Im Innenhof einer Medresse spricht mich eine junge Frau an. Sie studiert Medien und hat die Aufgabe, Touristen mit Videoaufnahme zu interviewen. Ich sage zu, nehme die Sonnenmütze ab, lege die Kamera beiseite. Shukhrat schmunzelt und bemerkt, ich solle die typischen Accessoires eines Touristen behalten. Die Frau stellt einige unbeholfene Fragen, u.a. wie ich mit dem Internet zufrieden sei. Ich kann sie nicht beantworten, weil ich gerade erst angekommen bin und z.B. gar kein internetfähiges Gerät mitführe. Sie ist leider auf ihre vorformulierten Fragen fixiert und beendet das Interview.

Ein Kontrast sind die Basare: Handwerk, Lebensmittel, Obst bzw. Gemüse, Gewürze in riesiger Auswahl. Unter der großen Kuppel des Tschorsu-Basars summt es wie in einem Bienenkorb. Die umfangreichen und großen Bauten sind modern, aber gehandelt wird dort wie seit Jahrtausenden.

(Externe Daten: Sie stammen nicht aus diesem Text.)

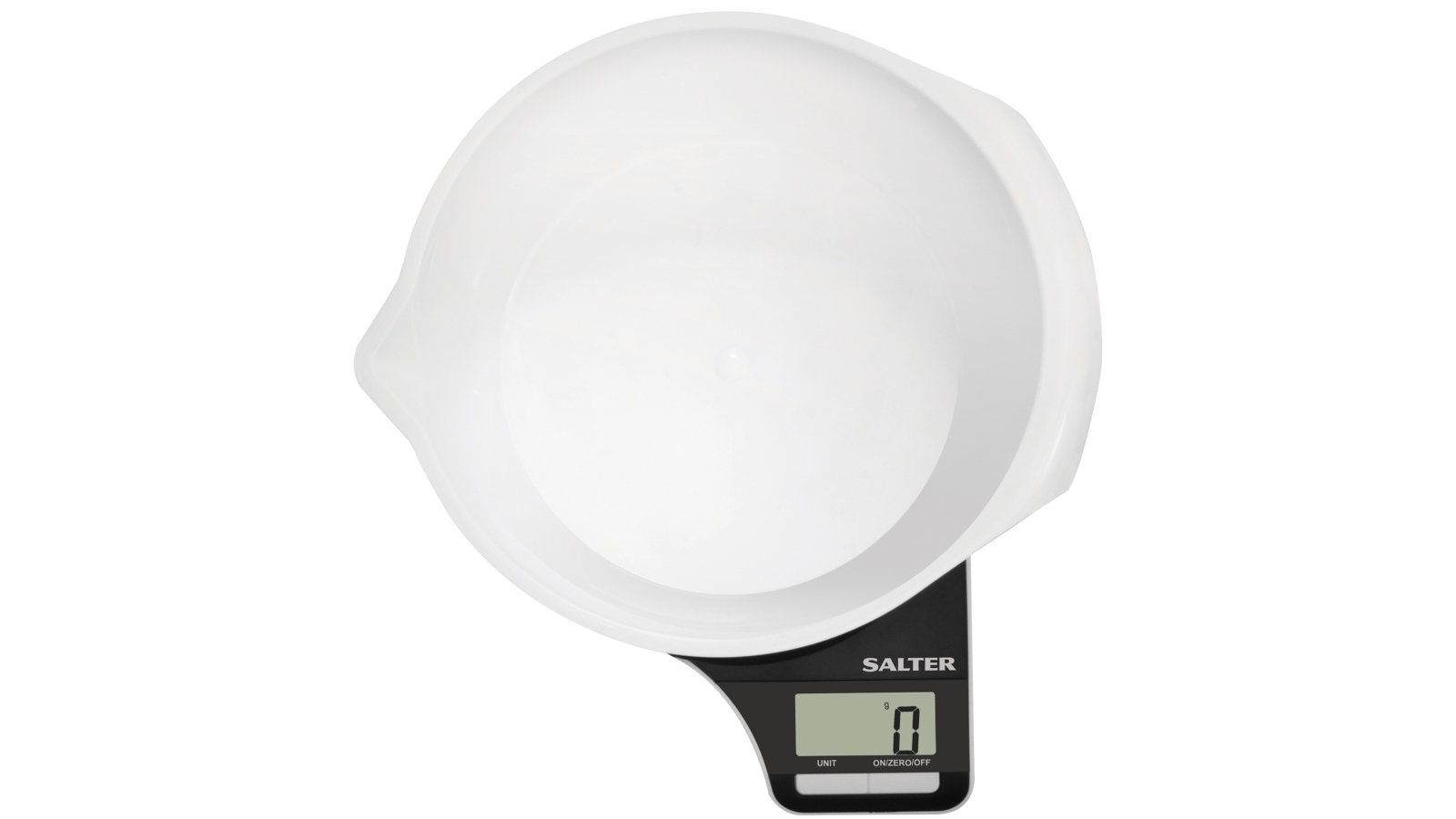 Harvey Norman Kitchen Scales manminchurch.se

Die Neustadt, in der auch der Basar liegt, ist geprägt von einem Autoverkehr, in dem ich nicht fahren möchte: dicht gedrängt fahren die Autos schnell, wuselig, ständig dezent hupend, rechts und links überholend, sich vordrängelnd, abgedrängt werden, aber sicher und entspannt. Wir besuchen den Unabhängigkeitsplatz sowie den Baukomplex der "Trauernden Mutter," die beide wegen eines auswärtigen Staatsbesuchs weiträumig gesperrt sind. Wir erhaschen nur aus der Ferne Blicke darauf. Das Opernhaus beeindruckt uns wenig, dafür umso mehr die Grünanlage mit dem Standbild Amir Timurs - allerdings negativ. Amur Timur, der von 1336 bis 1405 lebte, gilt als Nationalheld und Begründer des usbekischen Reichs, obwohl dieses bereits nach seinem Tod wieder zerfiel. Er führte eigentlich ständig Kriege gegen die umliegenden Völker und Staaten und war dabei grausam bis zum Exzess.

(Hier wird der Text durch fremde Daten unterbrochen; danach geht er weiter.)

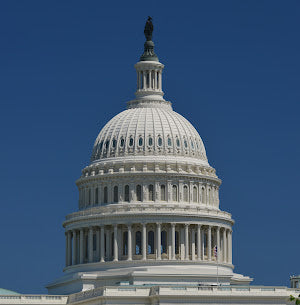 Government & Military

Die noch aus Sowjetzeit stammenden Plattenbauten unterscheiden sich wenig von denen in Ostberlin und sonst wo, wenn man mal davon absieht, dass sie hier mit traditionalistischem Dekor versehen sind.
Im Straßenbild fallen Bettler wenig auf, die vorhandene Armut ist eher verborgen. Auch Behinderte sind selten. Abends beobachten wir vom Hotelfenster aus einen Mann, der die Müllcontainer ausräumt und "Mülltrennung" vornimmt: er sortiert nach Plastik-, Metall-, Flaschen, Rest-Müll. Später sehen wir ihn mit einem Handkarren, auf dem wohl verwertbarer Müll hoch gestapelt ist.

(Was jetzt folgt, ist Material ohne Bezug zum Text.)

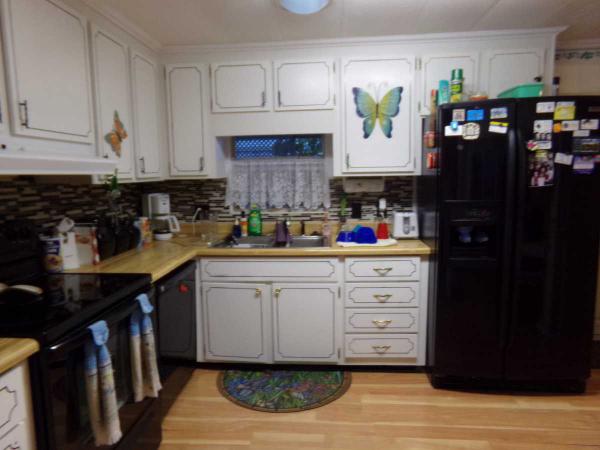 Colony Cove306 Colony Drive, NorthEllenton, FL 34222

Abends essen wir in einem Großrestaurant, in dem parallel zwei Feiern mit hunderten von Personen und zwei Musikkapellen stattfinden. Ein Höllenlärm macht eine Unterhaltung fast unmöglich. Die Menschen sind für unseren Geschmack absurd aufgetakelt. Eine Erfahrung, die sich später in den anderen Großstädten wiederholt.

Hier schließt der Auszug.